To explore the history, research hotspots, and emerging trends in immune response to LDR literature over the past two decades.

METHODS

Publications on immune responses to LDR were retrieved from the Web of Science Core Collection. Bibliometric tools, including CiteSpace and HistCite, were used to identify historical features, active topics, and emerging trends in this field.

RESULTS

Analysis of 1244 publications over the past two decades revealed a significant surge in research on immune responses to LDR, particularly in the last decade. Key journals such as INR J Radiat Biol, Cancers, and Radiat Res published pivotal studies. Citation networks identified key studies by authors like Twyman-Saint Victor C (2015) and Vanpouille-Box C (2017). Keyword analysis revealed hotspots such as ipilimumab, stereotactic body RT, and targeted therapy, possibly identifying future research directions. Temporal variations in keyword clusters and alluvial flow maps illustrate the evolution of research themes over time.

CONCLUSION

This bibliometric analysis provides valuable insights into the evolution of studies on responses to LDR, highlights research trends, and identifies emerging areas for further investigation.
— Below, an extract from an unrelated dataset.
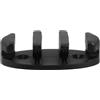 WRITWAA Morsetto di Montaggio per Kayak Nero in Nylon per Ormeggio | Resistente a UV e Sale, Finitura Nera Elegante, per Paddle Leash e Barche da Pesca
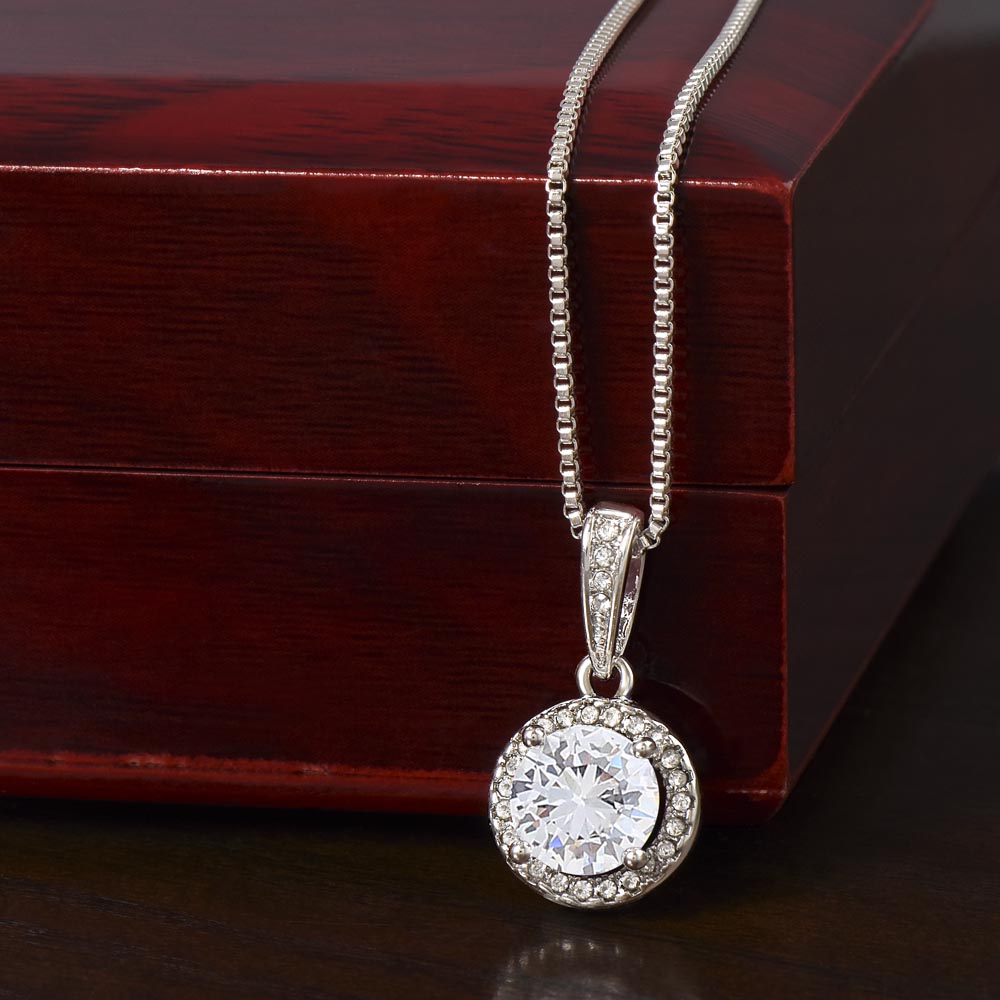 To My Love – 14K White Gold Finish Necklace | Gift for Wife, Girlfriend, Anniversary, Birthday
Key Words: Low-dose radiotherapy; Immune response; Immunotherapy; Bibliometric analysis; Radiation-induced immunogenicity; Synergistic therapies

Core Tip: This study provides a comprehensive bibliometric analysis of the immune response to low-dose radiotherapy (LDR) over the past two decades. It highlights key research trends, influential studies, and emerging hotspots such as ipilimumab and targeted therapy. Through structural and temporal dynamics, the analysis offers insights into global collaborations and the evolution of research themes, guiding future investigations in LDR. The findings are valuable for clinicians and researchers, helping to optimize therapeutic strategies and advance the field of radiotherapy.
INTRODUCTION

Radiotherapy (RT) is a key cancer treatment modality. Moderate (0.1-2.0 Gy) or high (> 2 Gy) doses of radiation can kill neoplastic cells and generate inflammation to stimulate anticancer immunity. However, these treatments can also damage normal tissues, impair immune functions[1,2], and increase the risk of secondary neoplasms[3-5]. In contrast, low-dose radiation (LDR) does not lead to these complications[6]. Furthermore, substantial evidence indicates that LDR inhibits the development of neoplasms in humans and experimental animals[7-10].
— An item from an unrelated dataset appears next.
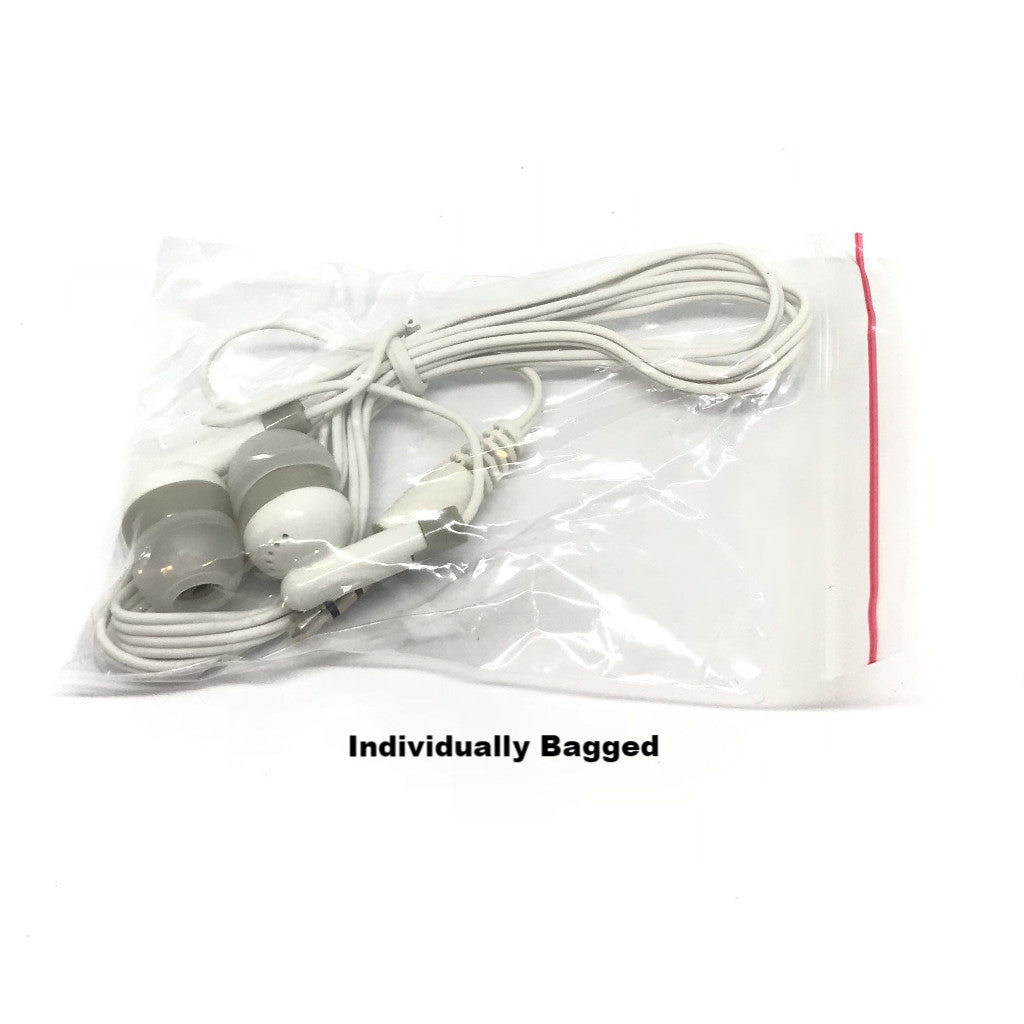 High-Quality White Stereo Earbud Headphones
The documented effects of ionizing radiation on the immune system date back to early radiobiological studies following the discovery of X-rays[11,12]. Murphy JB was one of the first scientists to recognize the immunomodulatory effects of radiation and proposed that the effects-such as immune stimulation and tumor protection in mice-were dependent on factors such as the radiation dose, exposure volume, location, and the time interval between exposure and tumor challenge[13-15].

The effects of LDR on cancer immunotherapy have been extensively studied in recent decades[6]. LDR can stimulate both innate and adaptive immune responses. For example, it enhances the expansion and cytotoxicity of natural killer (NK) cells, activates dendritic cells, and augments T cell activation[16-18]. Additionally, LDR induces thymocyte apoptosis and promotes cell cycle progression in adaptive immune responses[19]. In vivo, LDR treatment protects human B lymphoblasts from high-dose radiation-induced (HDR) cell death[20]. Furthermore, LDR pretreatment can reduce HDR-induced DNA damage in human peripheral blood mononuclear cells[21].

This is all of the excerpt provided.